Australia's bushfire threat is beyond 'worst case scenario's experts say. (AAP Image/Darren Pateman)
AAP Image/Darren Pateman

When federal energy and climate minister Chris Bowen did the breakfast TV and radio rounds on the morning that Labor’s historic Climate Change Bill was introduced to Parliament, the Seven Network’s Sunrise program was on the list.

Bowen told host David Koch that it was “an important bill… it enshrines our climate change reduction, our emissions reduction targets, our climate change targets in law, which is really important.”

And he noted that the Bill commits the government to produce an annual report on its progress on meeting the target of a 43% reduction on emissions from 2005 levels and what more it needs to do into the future.

“We want to hold ourselves and future governments to account,” Bowen said.

“Okay,” says Kochie. “So if you don’t get it, are you told you’ve been a very naughty boy or are there penalties or what happens?”

It’s a fair, if annoyingly phrased question. And while Bowen did his best to answer it while staying on message – something about voters and investors holding the government to account – he missed a golden opportunity to get to the nub of the issue.

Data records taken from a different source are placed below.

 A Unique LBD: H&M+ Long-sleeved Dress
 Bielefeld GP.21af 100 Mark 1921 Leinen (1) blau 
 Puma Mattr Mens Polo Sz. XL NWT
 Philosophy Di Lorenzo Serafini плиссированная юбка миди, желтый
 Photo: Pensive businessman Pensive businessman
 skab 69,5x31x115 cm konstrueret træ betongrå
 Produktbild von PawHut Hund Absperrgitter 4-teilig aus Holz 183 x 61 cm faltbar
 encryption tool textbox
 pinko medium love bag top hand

What will happen if countries like Australia – economically and politically stable, spoiled for resources, punching above its weight in scientific R&D – miss their not-even-properly-Paris-aligned climate targets is more of the same, only much faster and much, much worse.

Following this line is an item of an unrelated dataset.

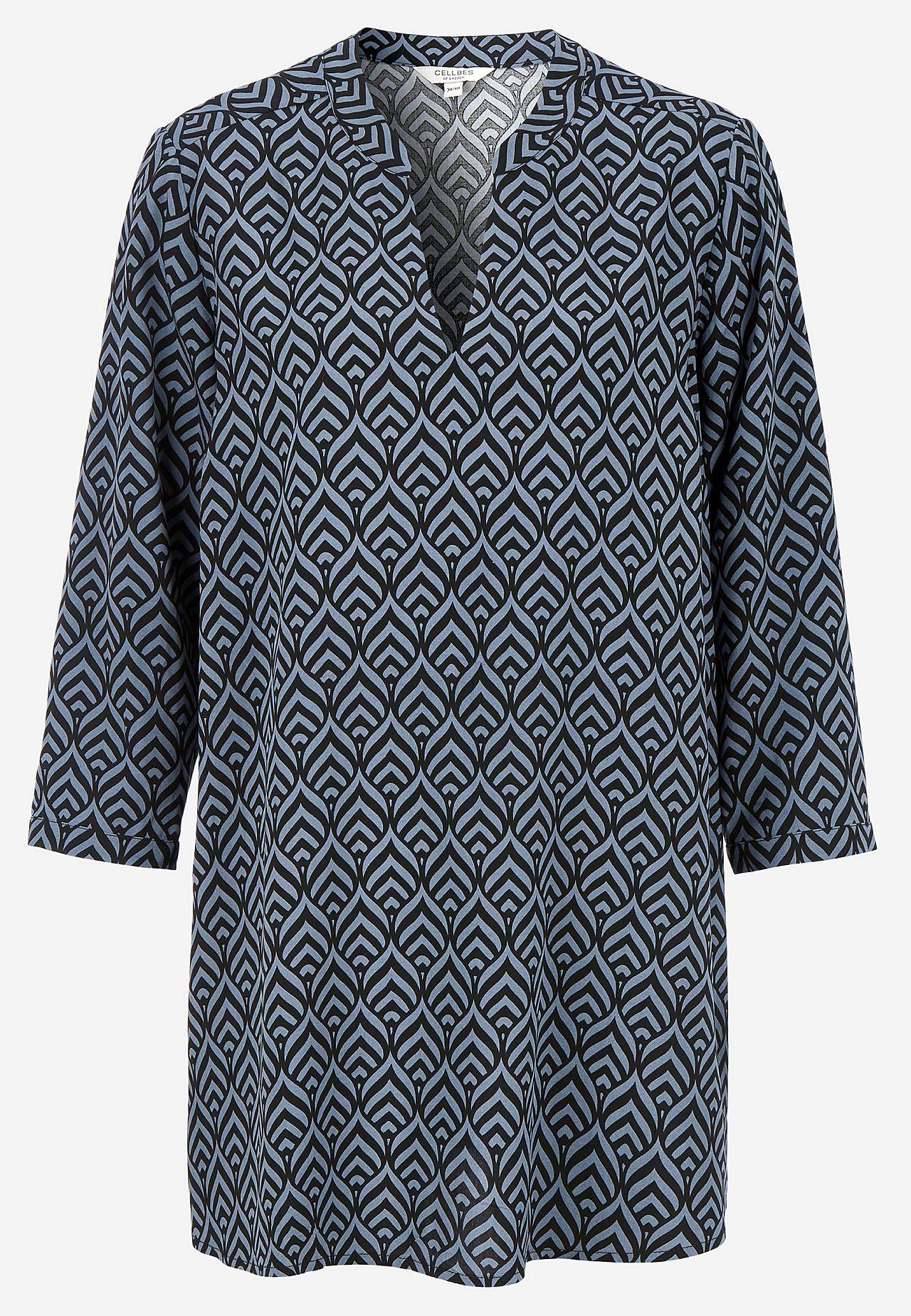 Woven tunic top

More floods, more fires, longer and more extreme droughts, more global food shortages, more deadly heatwaves, more frequent and devastating consequences of increasingly dangerous climate change.

As it happens, this is the clear message from another important Australian document that also made its public debut on Wednesday: the CSIRO’s once-in-a-decade Our Future World report that identifies seven global “megatrends” shaping the challenges and opportunities for the coming 20 years.

This time around, the number one megatrend on the list compiled by Australia’s premier science agency is, terrifyingly, “Adapting to a changing climate” – not climate action, but adaptation. Get used to it, because it’s already happening.

“Extreme and unprecedented weather events are increasing in their frequency and scale of impact,” the report says.

“Current climate forecasts predict that we are likely to experience extreme weather conditions that exceed the bounds of historical norms and concurrent climate hazards are likely to compound the overall climate risk for sectors and regions.

“Adapting the healthcare system, critical infrastructure and settlement patterns to climate change and extreme weather conditions will become a growing reality for many countries in the years and decades to come.

“This megatrend speaks to the new ways of operating that organisations and communities will need to adapt to in the face of a changing climate.”

Grim.

Thankfully there is hope, too. CSIRO’s megatrend number two – “Leaner, cleaner and greener” – is all about the “cutting-edge innovations that aim to do more with less, achieve carbon neutrality, reduce biodiversity loss and address the global waste challenge.”

This megatrend, says the report, “explores the opportunities pushing us towards a more sustainable horizon and the importance of science, technology and innovation in helping organisations to operate within much tighter envelopes.”

And the tightest envelope of all is the global carbon budget. If we can’t slash emissions fast enough and deep enough with all of the tools we already have at hand to avert dangerous, irreversible climate change, then not much of anything else matters.

“Australia is at a pivotal point,” says CSIRO chief Dr Larry Marshall. “There is a tidal wave of disruption on the way, and it’s critical we take steps now to get ahead of it.

“But these challenges also tell us where the most powerful innovation can be found, when we see a different future and leverage science to create it,” he adds.

“Australia has the highest wind and solar capacity of any developed nation and a wealth of critical energy minerals – we can be a leader in feeding the world’s hunger for clean energy.”

Labor and Bowen do a good job of talking up the undoubtedly enormous opportunities available to Australia in the shift to net-zero emissions.

But they would do well to remind themselves and the electorate – and Kochie – about why we’re setting these science-based targets in the first place. And that the consequences of missing them don’t bear thinking about.